- Exercise directions -
Starting at the line that contains "Cetak kustom Kratom", write out each line through the end of the data below, exactly as it stands. Skip any pictures.

- Source material -
+ + + + + + +

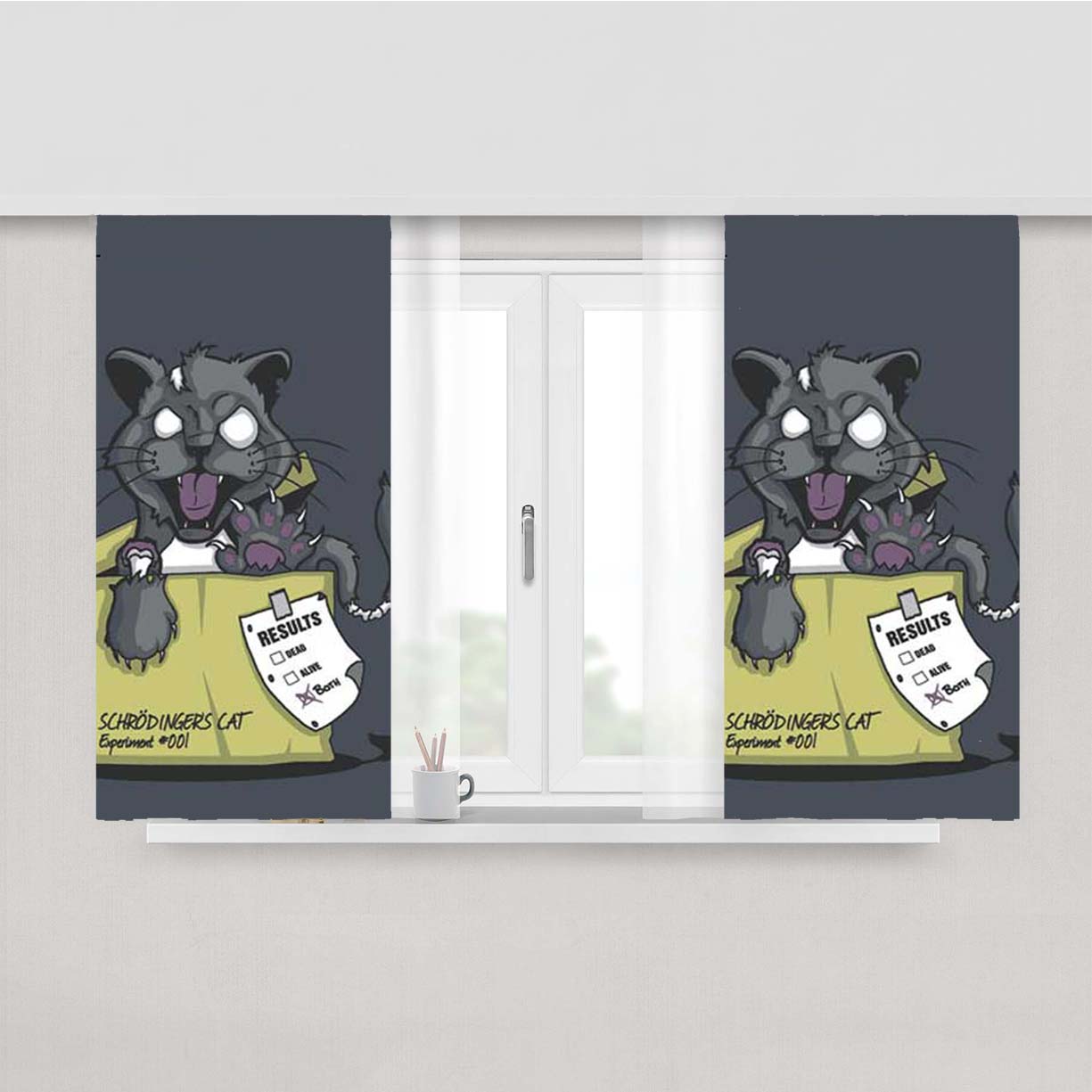 Schrodingers Cat Peach Skin Window Curtains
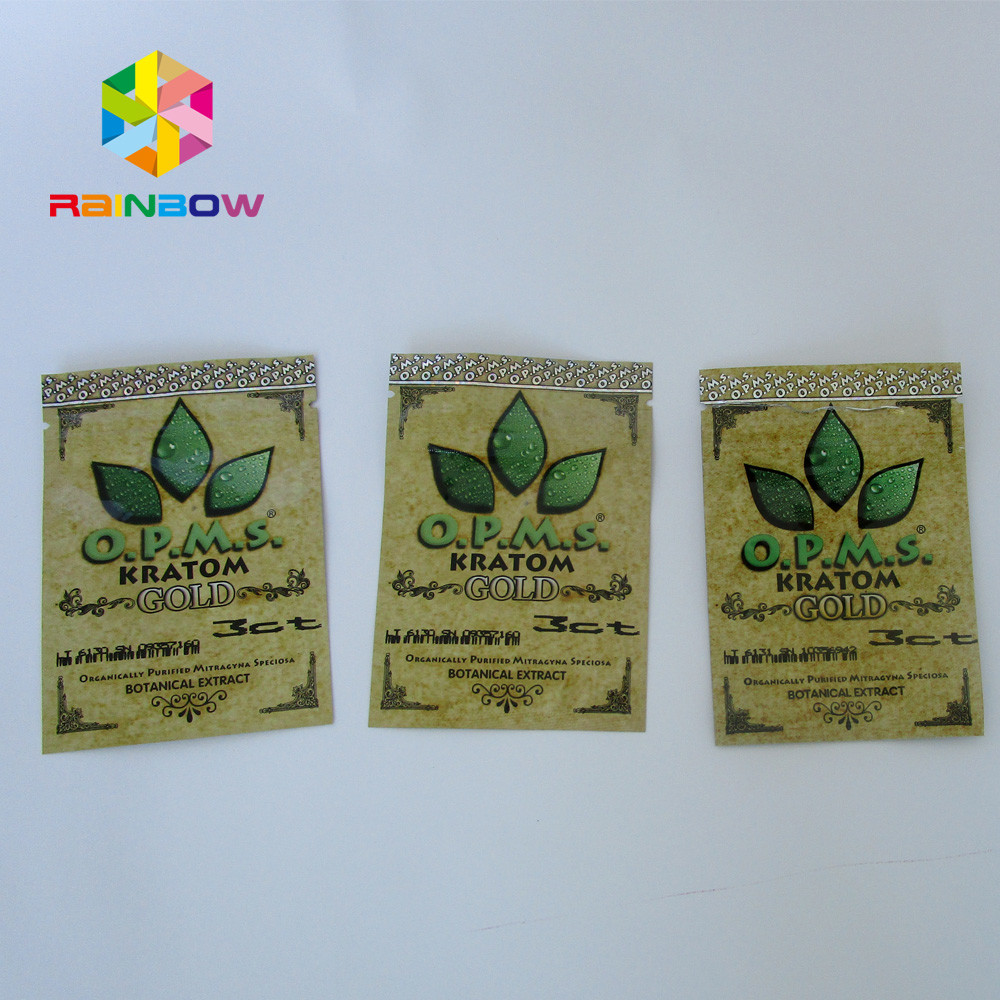 Cetak kustom Kratom Botanical Extract Aluminium Foil Kantong Ziplock Untuk Cannabinoids Kratom Kapsul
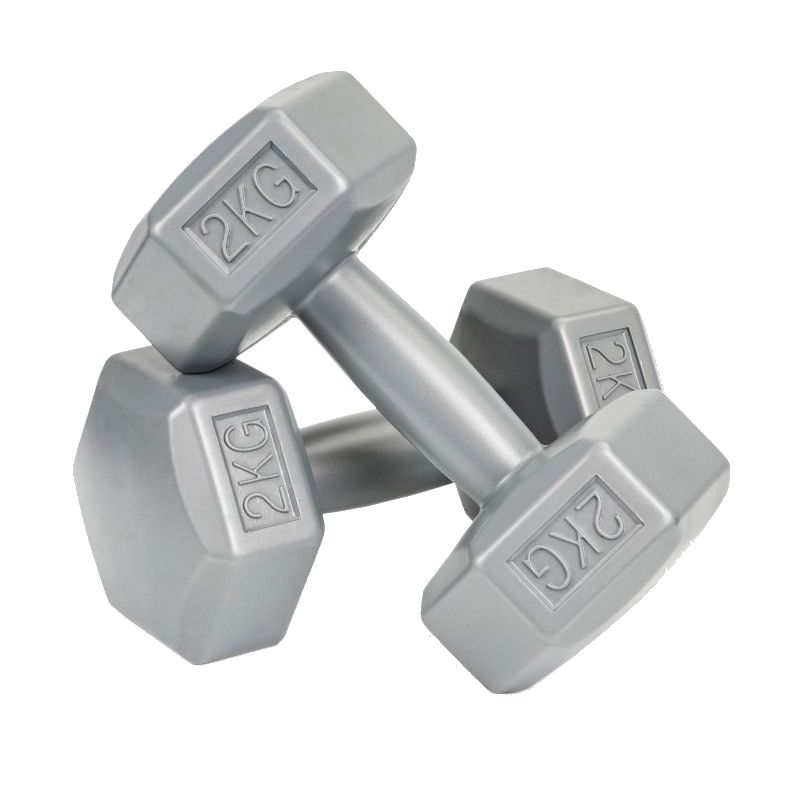 Set 2 Gantere pentru fitness sau antrenament, din cauciuc, 2x2 kg, culoare gri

+ + + + + + +

- Result of the exercise -
 Cetak kustom Kratom Botanical Extract Aluminium Foil Kantong Ziplock Untuk Cannabinoids Kratom Kapsul
 Set 2 Gantere pentru fitness sau antrenament, din cauciuc, 2x2 kg, culoare gri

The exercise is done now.